- Task:
Working through the lines below, return each one that holds "Black".

- Supplied material:
▬▬▬▬▬▬

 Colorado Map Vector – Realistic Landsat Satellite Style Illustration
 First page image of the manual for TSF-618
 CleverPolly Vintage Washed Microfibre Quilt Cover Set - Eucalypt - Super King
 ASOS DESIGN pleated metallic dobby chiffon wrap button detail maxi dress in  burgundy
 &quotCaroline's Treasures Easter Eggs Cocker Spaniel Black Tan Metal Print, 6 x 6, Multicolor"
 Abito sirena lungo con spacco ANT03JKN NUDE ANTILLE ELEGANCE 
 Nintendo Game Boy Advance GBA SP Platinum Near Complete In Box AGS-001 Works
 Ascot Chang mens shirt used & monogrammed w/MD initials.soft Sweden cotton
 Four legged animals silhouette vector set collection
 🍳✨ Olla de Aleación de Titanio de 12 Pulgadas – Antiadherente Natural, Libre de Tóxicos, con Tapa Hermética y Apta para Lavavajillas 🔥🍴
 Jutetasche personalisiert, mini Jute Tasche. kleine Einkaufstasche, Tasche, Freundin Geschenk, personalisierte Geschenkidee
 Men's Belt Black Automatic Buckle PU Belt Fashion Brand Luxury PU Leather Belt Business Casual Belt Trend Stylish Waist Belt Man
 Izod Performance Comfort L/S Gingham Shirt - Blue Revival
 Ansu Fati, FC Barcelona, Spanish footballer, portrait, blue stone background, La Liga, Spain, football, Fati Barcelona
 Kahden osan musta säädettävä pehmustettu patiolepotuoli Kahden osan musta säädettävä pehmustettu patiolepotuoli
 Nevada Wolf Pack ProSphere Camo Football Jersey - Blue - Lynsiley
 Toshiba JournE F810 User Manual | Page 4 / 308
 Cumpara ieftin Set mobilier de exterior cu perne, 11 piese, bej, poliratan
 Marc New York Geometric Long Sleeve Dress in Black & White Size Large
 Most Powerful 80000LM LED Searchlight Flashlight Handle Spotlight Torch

▬▬▬▬▬▬

- Response to the task:
 &quotCaroline's Treasures Easter Eggs Cocker Spaniel Black Tan Metal Print, 6 x 6, Multicolor"
 Men's Belt Black Automatic Buckle PU Belt Fashion Brand Luxury PU Leather Belt Business Casual Belt Trend Stylish Waist Belt Man
 Marc New York Geometric Long Sleeve Dress in Black & White Size Large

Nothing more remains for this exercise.